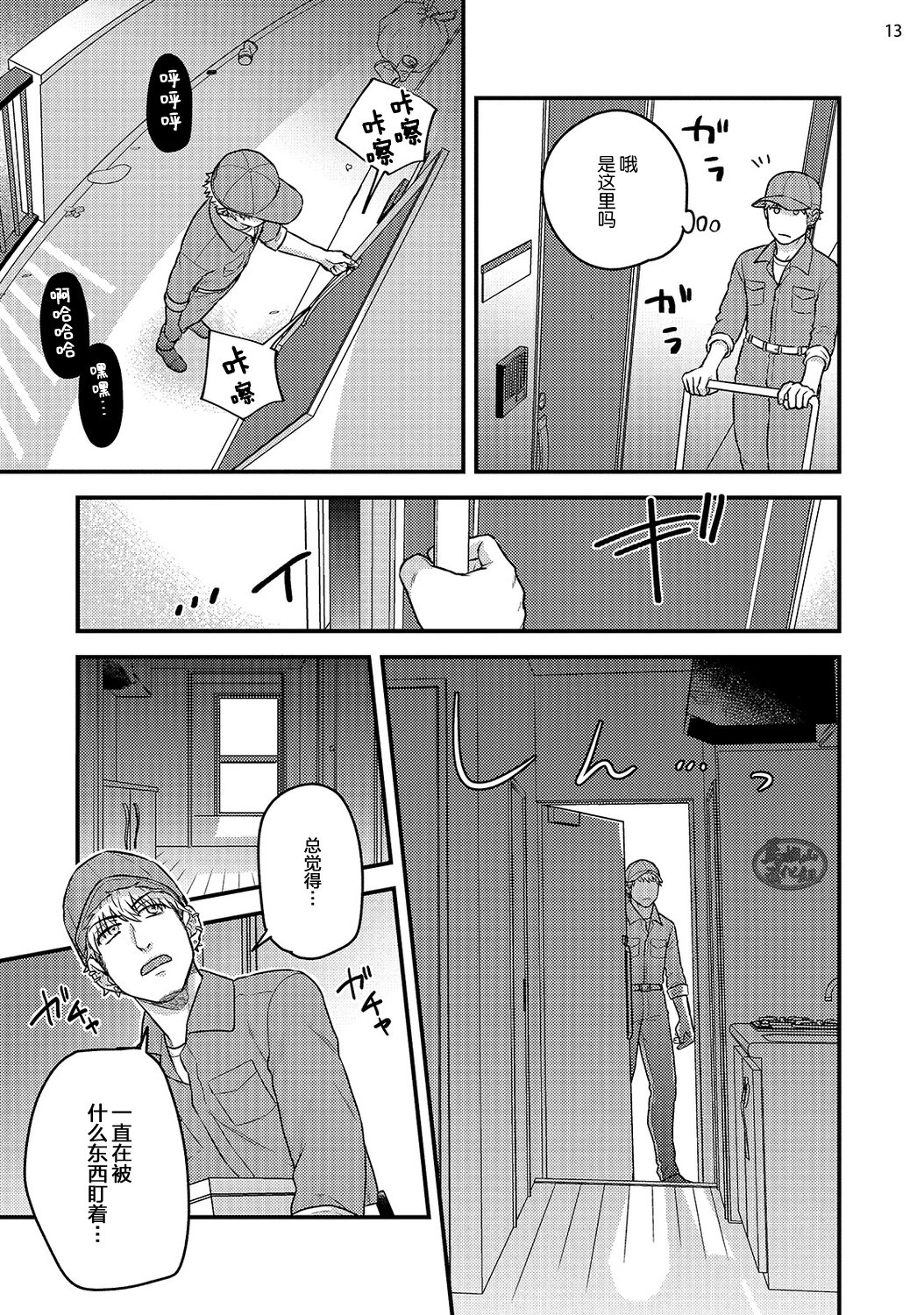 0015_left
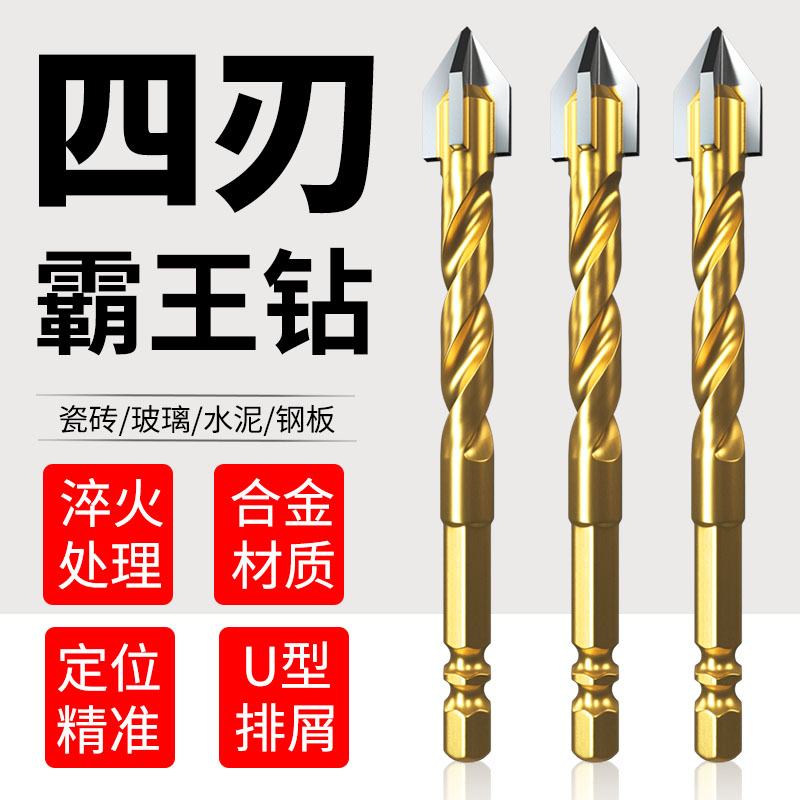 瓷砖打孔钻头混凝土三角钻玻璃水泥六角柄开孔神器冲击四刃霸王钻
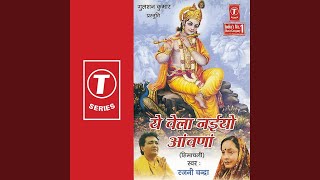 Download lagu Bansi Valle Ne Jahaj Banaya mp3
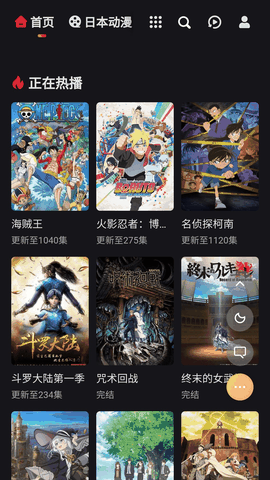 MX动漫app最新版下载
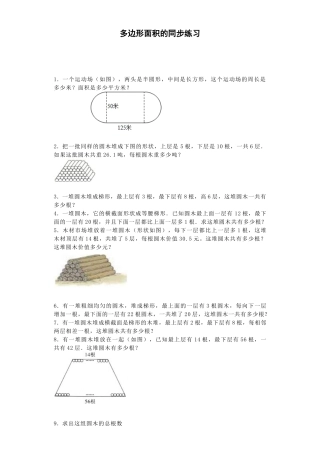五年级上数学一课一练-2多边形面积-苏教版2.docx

...

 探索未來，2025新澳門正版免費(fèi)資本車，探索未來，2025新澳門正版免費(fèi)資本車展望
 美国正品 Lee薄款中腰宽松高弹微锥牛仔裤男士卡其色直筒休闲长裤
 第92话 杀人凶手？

==

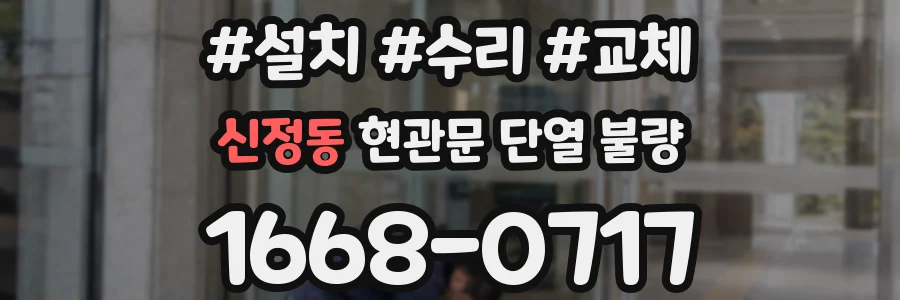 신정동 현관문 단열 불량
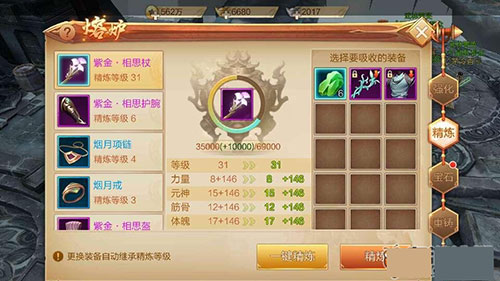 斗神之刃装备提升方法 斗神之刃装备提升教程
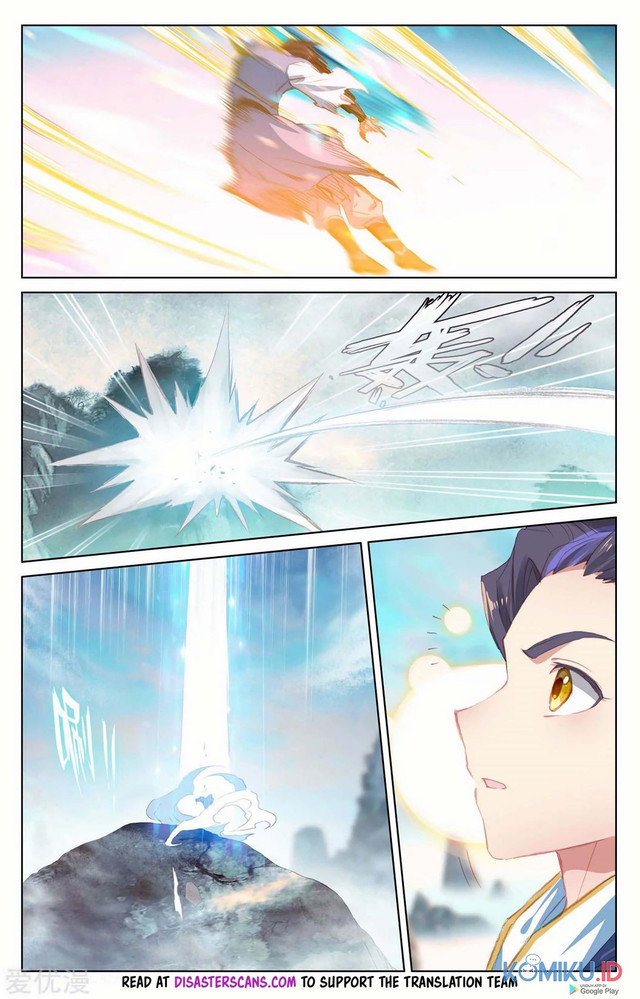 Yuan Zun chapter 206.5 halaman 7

__What to produce__
In the records above, everything from the line with "Download lagu Bansi" down to the line with "五年级上数学一课一练-2多边形面积-苏教版2.docx" is to be set down exactly, both ends included, with no pictures and no other lines.

__Exercise response__
 Download lagu Bansi Valle Ne Jahaj Banaya mp3
 MX动漫app最新版下载
五年级上数学一课一练-2多边形面积-苏教版2.docx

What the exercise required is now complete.